From 8f134c09c6555c59ee2f65b39ef51ddefd8bf7a6 Mon Sep 17 00:00:00 2001
From: Pierre Riteau <pierre@stackhpc.com>
Date: Mon, 13 Dec 2021 18:14:40 +0100
Subject: [PATCH 2/3] Update Elasticsearch Curator information

---
 source/operations_and_monitoring.rst | 13 +++++++++----
 1 file changed, 9 insertions(+), 4 deletions(-)

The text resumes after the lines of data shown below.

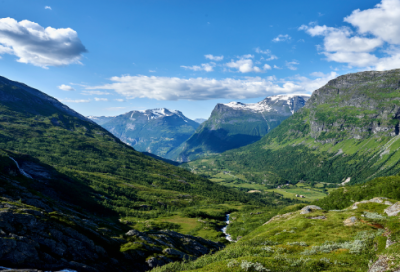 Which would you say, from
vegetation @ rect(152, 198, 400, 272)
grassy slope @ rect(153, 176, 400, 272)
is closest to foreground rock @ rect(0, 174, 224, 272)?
grassy slope @ rect(153, 176, 400, 272)

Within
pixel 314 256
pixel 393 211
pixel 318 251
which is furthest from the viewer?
pixel 393 211

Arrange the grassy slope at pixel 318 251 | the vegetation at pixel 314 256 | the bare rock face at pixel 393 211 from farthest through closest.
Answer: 1. the bare rock face at pixel 393 211
2. the grassy slope at pixel 318 251
3. the vegetation at pixel 314 256

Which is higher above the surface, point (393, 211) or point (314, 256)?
point (393, 211)

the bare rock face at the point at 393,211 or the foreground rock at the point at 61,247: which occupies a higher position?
the bare rock face at the point at 393,211

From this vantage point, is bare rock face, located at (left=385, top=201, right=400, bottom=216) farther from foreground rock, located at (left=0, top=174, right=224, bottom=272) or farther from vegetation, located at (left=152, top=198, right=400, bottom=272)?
foreground rock, located at (left=0, top=174, right=224, bottom=272)

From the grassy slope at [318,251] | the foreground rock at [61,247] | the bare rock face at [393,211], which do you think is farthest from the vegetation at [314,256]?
the foreground rock at [61,247]

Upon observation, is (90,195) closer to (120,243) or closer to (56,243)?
(120,243)

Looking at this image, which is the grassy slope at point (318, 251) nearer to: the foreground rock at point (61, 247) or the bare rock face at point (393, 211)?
the bare rock face at point (393, 211)

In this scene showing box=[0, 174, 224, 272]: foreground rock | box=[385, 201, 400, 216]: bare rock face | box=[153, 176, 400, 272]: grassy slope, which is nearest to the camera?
box=[153, 176, 400, 272]: grassy slope

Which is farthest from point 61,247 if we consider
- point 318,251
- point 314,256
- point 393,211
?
point 393,211

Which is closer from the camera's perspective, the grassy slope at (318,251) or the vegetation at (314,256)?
the vegetation at (314,256)

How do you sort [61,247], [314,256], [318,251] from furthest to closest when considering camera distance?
[61,247]
[318,251]
[314,256]

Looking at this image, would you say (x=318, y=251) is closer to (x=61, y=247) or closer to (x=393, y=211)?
(x=393, y=211)

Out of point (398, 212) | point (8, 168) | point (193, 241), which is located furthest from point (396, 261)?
point (8, 168)
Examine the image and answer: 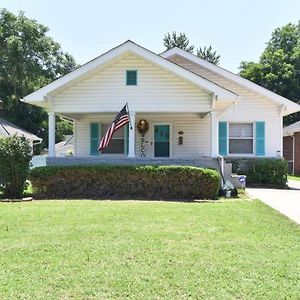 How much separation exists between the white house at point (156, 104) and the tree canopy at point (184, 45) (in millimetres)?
31956

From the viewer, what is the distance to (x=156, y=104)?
1658 cm

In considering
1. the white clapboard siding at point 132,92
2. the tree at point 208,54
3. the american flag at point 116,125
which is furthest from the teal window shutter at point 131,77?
the tree at point 208,54

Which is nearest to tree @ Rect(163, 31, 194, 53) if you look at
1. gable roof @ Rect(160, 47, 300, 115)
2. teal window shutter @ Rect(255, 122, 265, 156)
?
gable roof @ Rect(160, 47, 300, 115)

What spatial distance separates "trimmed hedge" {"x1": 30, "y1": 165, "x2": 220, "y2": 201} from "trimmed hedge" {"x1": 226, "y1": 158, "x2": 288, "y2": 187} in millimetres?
6414

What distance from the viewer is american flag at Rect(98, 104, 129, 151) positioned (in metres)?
15.6

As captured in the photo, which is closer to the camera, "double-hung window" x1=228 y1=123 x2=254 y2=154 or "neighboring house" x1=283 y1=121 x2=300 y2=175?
"double-hung window" x1=228 y1=123 x2=254 y2=154

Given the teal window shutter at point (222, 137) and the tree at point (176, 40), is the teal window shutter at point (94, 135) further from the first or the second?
the tree at point (176, 40)

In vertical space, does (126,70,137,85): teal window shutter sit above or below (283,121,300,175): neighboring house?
above

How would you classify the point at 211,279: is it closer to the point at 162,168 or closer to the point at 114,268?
the point at 114,268

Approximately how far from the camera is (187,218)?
30.1 feet

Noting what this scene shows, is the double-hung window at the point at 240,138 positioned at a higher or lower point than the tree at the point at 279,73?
lower

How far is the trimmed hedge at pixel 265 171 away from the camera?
19000mm

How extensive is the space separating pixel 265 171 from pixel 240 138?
7.52 feet

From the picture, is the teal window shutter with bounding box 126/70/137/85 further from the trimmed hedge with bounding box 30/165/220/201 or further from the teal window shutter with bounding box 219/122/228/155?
the teal window shutter with bounding box 219/122/228/155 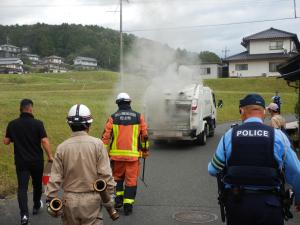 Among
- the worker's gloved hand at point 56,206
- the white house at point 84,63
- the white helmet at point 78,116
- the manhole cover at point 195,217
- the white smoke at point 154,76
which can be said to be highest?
the white house at point 84,63

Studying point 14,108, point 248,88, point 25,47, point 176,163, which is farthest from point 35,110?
point 25,47

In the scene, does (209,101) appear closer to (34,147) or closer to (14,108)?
(14,108)

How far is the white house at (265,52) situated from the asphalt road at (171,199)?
41.5m

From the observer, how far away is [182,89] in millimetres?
16141

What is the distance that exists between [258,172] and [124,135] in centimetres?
385

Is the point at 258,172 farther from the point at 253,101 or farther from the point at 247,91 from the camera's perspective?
the point at 247,91

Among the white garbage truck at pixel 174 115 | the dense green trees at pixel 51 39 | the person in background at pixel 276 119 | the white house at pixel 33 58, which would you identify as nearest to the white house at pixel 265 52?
the dense green trees at pixel 51 39

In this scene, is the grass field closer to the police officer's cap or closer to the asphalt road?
the asphalt road

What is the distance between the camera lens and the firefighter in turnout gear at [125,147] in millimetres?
7180

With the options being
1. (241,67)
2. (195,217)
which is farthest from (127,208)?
(241,67)

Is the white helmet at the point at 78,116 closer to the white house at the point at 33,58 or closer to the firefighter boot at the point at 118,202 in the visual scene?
the firefighter boot at the point at 118,202

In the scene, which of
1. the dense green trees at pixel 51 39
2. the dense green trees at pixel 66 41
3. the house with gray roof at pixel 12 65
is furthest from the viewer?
the house with gray roof at pixel 12 65

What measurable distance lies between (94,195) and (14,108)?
16026mm

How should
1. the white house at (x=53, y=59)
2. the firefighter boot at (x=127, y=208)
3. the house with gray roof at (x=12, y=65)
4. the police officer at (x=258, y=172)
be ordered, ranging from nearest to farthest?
the police officer at (x=258, y=172), the firefighter boot at (x=127, y=208), the house with gray roof at (x=12, y=65), the white house at (x=53, y=59) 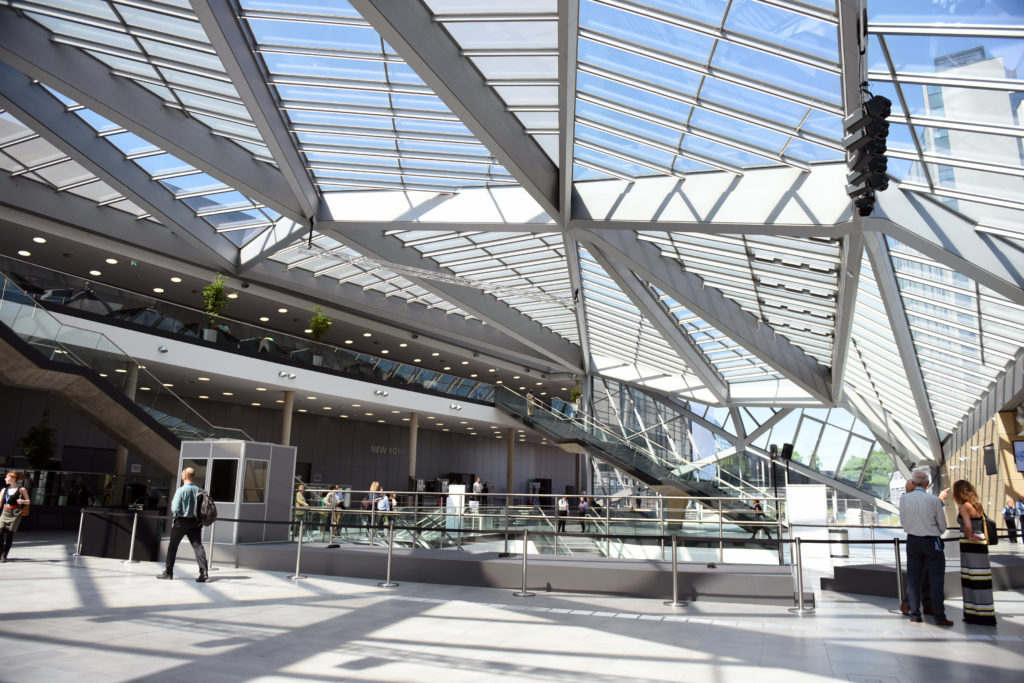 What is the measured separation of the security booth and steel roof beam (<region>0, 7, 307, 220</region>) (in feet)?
23.6

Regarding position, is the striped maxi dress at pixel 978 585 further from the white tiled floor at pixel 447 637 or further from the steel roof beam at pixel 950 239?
the steel roof beam at pixel 950 239

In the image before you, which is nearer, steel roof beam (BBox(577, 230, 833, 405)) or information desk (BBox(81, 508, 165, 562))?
information desk (BBox(81, 508, 165, 562))

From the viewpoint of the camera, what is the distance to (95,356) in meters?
17.8

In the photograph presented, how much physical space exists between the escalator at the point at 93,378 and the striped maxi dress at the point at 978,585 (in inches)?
707

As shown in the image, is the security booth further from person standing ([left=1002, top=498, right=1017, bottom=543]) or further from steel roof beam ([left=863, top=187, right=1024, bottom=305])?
person standing ([left=1002, top=498, right=1017, bottom=543])

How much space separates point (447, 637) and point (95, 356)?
15.1 metres

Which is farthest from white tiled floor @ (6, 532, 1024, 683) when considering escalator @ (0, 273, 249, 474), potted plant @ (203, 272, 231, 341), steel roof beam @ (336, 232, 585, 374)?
potted plant @ (203, 272, 231, 341)

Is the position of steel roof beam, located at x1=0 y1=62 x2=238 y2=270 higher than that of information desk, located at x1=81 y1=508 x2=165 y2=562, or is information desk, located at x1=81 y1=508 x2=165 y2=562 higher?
steel roof beam, located at x1=0 y1=62 x2=238 y2=270

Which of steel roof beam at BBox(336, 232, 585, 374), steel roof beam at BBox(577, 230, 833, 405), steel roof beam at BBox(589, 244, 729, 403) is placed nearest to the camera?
steel roof beam at BBox(577, 230, 833, 405)

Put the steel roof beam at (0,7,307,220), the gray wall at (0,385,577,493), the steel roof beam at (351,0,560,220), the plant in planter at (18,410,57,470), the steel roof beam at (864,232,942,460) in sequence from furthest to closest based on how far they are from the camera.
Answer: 1. the gray wall at (0,385,577,493)
2. the plant in planter at (18,410,57,470)
3. the steel roof beam at (864,232,942,460)
4. the steel roof beam at (0,7,307,220)
5. the steel roof beam at (351,0,560,220)

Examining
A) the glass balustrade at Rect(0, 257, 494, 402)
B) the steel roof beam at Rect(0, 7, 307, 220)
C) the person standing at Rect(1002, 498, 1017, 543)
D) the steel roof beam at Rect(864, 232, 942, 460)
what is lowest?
the person standing at Rect(1002, 498, 1017, 543)

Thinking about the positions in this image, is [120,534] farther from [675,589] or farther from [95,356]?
[675,589]

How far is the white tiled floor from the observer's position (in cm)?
529

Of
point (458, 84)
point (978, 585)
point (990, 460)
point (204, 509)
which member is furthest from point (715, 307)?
point (204, 509) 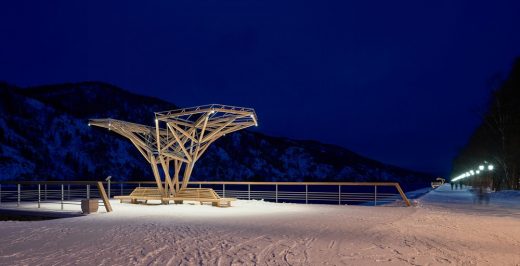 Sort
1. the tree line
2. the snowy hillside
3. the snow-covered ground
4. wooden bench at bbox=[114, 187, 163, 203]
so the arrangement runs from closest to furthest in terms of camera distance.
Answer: the snow-covered ground → wooden bench at bbox=[114, 187, 163, 203] → the tree line → the snowy hillside

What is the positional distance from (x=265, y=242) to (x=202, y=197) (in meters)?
9.93

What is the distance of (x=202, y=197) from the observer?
17109mm

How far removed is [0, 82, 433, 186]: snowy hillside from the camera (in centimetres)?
8169

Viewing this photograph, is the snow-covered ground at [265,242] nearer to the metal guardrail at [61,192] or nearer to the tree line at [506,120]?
the metal guardrail at [61,192]

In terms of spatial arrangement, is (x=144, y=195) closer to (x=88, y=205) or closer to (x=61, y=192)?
(x=61, y=192)

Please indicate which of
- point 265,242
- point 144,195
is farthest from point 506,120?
point 265,242

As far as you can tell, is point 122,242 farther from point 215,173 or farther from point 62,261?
point 215,173

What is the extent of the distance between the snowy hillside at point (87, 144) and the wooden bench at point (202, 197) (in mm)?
65875

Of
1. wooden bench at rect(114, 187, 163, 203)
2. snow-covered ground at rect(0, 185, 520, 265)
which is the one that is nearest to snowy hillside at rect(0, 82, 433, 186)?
wooden bench at rect(114, 187, 163, 203)

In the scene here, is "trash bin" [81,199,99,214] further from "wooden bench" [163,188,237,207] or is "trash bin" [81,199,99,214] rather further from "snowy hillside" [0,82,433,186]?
"snowy hillside" [0,82,433,186]

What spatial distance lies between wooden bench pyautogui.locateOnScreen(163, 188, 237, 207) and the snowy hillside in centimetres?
6588

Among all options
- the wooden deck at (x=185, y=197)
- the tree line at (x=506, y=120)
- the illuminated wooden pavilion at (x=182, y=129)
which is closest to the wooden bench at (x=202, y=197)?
the wooden deck at (x=185, y=197)

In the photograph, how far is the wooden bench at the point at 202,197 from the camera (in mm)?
16422

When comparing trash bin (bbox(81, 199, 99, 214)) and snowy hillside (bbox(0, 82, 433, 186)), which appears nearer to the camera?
trash bin (bbox(81, 199, 99, 214))
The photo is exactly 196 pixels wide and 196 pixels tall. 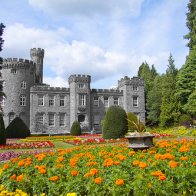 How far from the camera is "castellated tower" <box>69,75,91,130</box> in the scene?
42.6 m

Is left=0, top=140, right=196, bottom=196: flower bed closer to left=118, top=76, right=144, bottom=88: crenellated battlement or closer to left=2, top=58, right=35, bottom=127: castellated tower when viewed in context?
left=2, top=58, right=35, bottom=127: castellated tower

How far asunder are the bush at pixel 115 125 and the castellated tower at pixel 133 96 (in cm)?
2207

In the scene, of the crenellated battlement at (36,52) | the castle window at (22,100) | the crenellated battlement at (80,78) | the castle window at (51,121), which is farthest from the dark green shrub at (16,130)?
the crenellated battlement at (36,52)

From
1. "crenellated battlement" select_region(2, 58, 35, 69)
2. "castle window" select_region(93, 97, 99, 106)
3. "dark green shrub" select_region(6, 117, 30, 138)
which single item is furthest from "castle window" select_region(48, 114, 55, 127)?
"dark green shrub" select_region(6, 117, 30, 138)

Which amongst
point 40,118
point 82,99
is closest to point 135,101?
point 82,99

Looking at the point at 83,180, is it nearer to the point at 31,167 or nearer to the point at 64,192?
the point at 64,192

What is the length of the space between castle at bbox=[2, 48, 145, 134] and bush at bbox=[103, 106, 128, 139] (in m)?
19.6

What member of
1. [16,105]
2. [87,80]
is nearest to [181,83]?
[87,80]

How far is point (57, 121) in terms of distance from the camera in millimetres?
43031

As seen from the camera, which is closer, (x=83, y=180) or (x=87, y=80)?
(x=83, y=180)

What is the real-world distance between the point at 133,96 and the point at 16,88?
17087mm

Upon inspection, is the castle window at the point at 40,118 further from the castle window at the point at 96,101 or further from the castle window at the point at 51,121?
the castle window at the point at 96,101

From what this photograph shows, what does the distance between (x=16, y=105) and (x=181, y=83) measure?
21916mm

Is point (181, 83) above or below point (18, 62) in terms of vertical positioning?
below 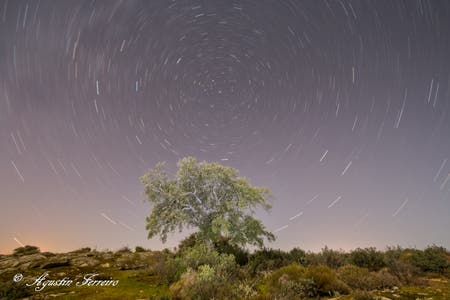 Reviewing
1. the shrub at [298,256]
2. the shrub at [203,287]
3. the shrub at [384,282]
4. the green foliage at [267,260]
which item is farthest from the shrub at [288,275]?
the shrub at [298,256]

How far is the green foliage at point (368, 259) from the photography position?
15727mm

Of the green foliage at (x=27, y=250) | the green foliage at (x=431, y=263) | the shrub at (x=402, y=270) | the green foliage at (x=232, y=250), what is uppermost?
the green foliage at (x=27, y=250)

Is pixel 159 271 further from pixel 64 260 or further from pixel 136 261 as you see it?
pixel 64 260

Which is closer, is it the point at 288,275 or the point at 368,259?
the point at 288,275

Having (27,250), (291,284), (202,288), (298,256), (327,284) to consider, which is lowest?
(202,288)

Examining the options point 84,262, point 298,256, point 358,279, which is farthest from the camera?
point 298,256

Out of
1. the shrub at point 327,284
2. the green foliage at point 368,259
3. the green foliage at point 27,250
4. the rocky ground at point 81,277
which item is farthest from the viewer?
the green foliage at point 27,250

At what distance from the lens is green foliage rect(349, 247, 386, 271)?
15.7m

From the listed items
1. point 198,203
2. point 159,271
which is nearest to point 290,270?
point 159,271

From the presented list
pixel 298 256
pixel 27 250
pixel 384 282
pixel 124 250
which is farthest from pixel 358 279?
pixel 27 250

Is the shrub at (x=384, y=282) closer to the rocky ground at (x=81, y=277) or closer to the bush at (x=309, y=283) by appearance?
the bush at (x=309, y=283)

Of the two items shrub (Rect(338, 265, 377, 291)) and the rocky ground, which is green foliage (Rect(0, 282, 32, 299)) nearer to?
the rocky ground

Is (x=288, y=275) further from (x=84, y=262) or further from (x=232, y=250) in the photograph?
(x=84, y=262)

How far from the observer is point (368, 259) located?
1617cm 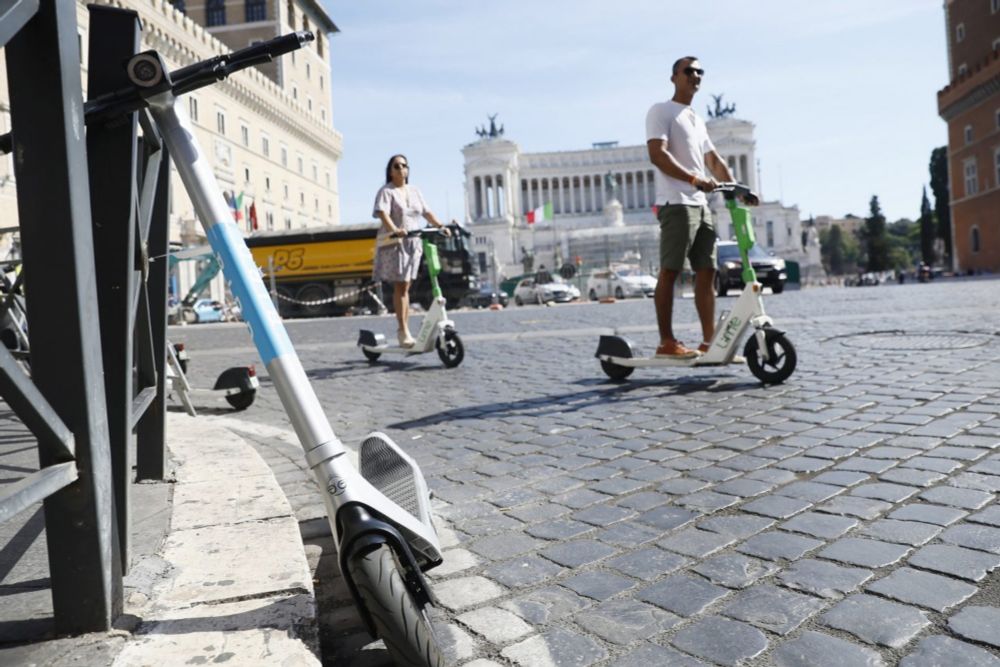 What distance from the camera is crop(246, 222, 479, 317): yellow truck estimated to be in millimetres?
31234

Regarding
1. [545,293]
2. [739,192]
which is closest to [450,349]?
[739,192]

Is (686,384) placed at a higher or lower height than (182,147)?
lower

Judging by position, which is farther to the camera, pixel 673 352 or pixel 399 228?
pixel 399 228

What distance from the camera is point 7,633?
4.72 feet

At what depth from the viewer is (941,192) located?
249 feet

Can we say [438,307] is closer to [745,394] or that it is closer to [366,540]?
[745,394]

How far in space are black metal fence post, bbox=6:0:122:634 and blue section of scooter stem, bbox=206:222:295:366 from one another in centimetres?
26

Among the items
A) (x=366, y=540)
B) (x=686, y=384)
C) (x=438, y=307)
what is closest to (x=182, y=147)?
(x=366, y=540)

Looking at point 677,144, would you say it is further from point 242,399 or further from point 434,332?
point 242,399

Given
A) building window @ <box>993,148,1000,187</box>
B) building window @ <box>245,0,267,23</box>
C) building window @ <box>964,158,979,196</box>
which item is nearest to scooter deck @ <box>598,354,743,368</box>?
building window @ <box>993,148,1000,187</box>

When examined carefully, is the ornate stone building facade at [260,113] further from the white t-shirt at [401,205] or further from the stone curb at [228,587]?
the stone curb at [228,587]

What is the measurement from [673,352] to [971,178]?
52.3 meters

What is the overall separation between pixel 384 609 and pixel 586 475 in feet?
5.62

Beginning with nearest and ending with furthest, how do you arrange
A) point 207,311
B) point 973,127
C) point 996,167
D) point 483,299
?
point 207,311, point 483,299, point 996,167, point 973,127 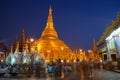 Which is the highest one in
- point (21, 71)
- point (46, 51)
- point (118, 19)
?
point (118, 19)

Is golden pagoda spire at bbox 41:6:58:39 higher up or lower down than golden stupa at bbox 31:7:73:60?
higher up

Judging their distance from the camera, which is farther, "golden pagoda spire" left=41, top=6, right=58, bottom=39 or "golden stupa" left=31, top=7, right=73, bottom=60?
"golden pagoda spire" left=41, top=6, right=58, bottom=39

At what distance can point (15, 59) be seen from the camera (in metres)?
49.8

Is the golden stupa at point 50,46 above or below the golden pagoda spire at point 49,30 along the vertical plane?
below

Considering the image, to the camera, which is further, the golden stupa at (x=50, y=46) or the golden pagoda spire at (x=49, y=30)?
the golden pagoda spire at (x=49, y=30)

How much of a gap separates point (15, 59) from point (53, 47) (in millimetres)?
31463

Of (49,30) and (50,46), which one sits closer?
(50,46)

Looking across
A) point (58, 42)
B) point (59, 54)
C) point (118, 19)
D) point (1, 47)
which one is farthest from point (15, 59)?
point (1, 47)

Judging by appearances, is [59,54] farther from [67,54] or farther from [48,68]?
[48,68]

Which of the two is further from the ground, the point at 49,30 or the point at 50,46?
the point at 49,30

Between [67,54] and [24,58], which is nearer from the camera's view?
[24,58]

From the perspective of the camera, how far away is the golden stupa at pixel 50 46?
7662 centimetres

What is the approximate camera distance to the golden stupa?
76.6 metres

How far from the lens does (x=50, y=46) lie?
79.9m
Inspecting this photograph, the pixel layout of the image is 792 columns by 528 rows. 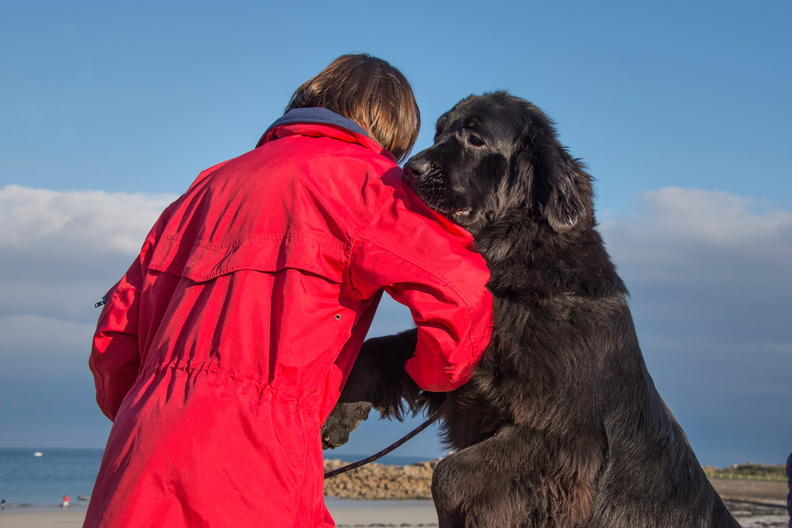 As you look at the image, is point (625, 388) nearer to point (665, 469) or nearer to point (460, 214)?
point (665, 469)

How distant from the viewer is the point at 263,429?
1812mm

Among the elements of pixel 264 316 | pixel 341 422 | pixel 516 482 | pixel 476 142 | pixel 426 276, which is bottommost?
pixel 516 482

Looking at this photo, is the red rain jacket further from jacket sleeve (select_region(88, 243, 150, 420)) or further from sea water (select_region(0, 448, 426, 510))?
sea water (select_region(0, 448, 426, 510))

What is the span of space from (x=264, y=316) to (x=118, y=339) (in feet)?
2.07

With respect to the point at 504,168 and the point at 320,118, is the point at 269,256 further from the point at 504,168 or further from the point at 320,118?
the point at 504,168

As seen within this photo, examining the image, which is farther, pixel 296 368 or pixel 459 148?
pixel 459 148

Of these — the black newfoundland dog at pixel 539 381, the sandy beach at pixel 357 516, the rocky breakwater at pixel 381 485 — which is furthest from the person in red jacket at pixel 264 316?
the rocky breakwater at pixel 381 485

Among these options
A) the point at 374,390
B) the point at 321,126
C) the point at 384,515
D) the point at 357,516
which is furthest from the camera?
the point at 384,515

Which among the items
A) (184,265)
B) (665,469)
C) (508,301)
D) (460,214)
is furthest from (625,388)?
(184,265)

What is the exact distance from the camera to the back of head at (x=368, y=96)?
2.35m

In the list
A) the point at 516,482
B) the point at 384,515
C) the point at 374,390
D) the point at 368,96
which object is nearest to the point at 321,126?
the point at 368,96

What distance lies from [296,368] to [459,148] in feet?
4.11

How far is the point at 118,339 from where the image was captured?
2230 mm

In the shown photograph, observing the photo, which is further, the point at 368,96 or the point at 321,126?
the point at 368,96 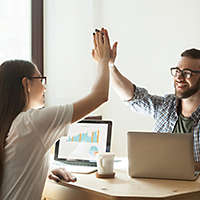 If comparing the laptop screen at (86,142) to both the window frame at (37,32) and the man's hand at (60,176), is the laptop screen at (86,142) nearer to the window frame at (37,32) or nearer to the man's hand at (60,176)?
the man's hand at (60,176)

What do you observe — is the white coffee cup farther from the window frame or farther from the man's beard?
the window frame

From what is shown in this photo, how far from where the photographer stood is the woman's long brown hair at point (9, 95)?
160cm

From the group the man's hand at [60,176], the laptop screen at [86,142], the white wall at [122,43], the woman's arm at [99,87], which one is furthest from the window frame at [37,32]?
the man's hand at [60,176]

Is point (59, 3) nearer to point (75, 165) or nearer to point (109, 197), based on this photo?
point (75, 165)

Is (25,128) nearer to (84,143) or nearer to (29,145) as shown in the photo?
(29,145)

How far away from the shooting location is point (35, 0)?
10.8 ft

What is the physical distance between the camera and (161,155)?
5.82 feet

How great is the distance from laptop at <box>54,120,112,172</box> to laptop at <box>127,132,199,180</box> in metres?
0.36

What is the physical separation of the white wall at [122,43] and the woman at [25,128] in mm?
1764

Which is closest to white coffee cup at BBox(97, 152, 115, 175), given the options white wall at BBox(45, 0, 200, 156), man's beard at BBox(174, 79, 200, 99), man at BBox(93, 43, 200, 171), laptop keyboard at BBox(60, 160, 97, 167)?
laptop keyboard at BBox(60, 160, 97, 167)

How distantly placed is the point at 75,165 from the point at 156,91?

diff --git a/source/operations_and_monitoring.rst b/source/operations_and_monitoring.rst
index 9809e77..f6b36e8 100644
--- a/source/operations_and_monitoring.rst
+++ b/source/operations_and_monitoring.rst
@@ -591,21 +591,26 @@ perform the following cleanup procedure regularly:
 
 Elasticsearch indexes retention
 ===============================
-To enable and alter default rotation values for Elasticsearch Curator edit ``${KAYOBE_CONFIG_PATH}/kolla/globals.yml`` - This applies both to Monasca and Central Logging configurations.
+
+To enable and alter default rotation values for Elasticsearch Curator, edit
+``${KAYOBE_CONFIG_PATH}/kolla/globals.yml``:
 
 .. code-block:: console
 
    # Allow Elasticsearch Curator to apply a retention policy to logs
    enable_elasticsearch_curator: true
+
    # Duration after which index is closed
    elasticsearch_curator_soft_retention_period_days: 90
+
    # Duration after which index is deleted
    elasticsearch_curator_hard_retention_period_days: 180
 
-Reconfigure elasticsearch with new values:
+Reconfigure Elasticsearch with new values:
 
 .. code-block:: console
 
-   kayobe overcloud service reconfigure --kolla-tags elasticsearch --kolla-skip-tags common --skip-precheck
+   kayobe overcloud service reconfigure --kolla-tags elasticsearch
 
-For more information see `upstream documentation <https://docs.openstack.org/kolla-ansible/ussuri/reference/logging-and-monitoring/central-logging-guide.html#curator>`__
+For more information see the `upstream documentation
+<https://docs.openstack.org/kolla-ansible/latest/reference/logging-and-monitoring/central-logging-guide.html#curator>`__.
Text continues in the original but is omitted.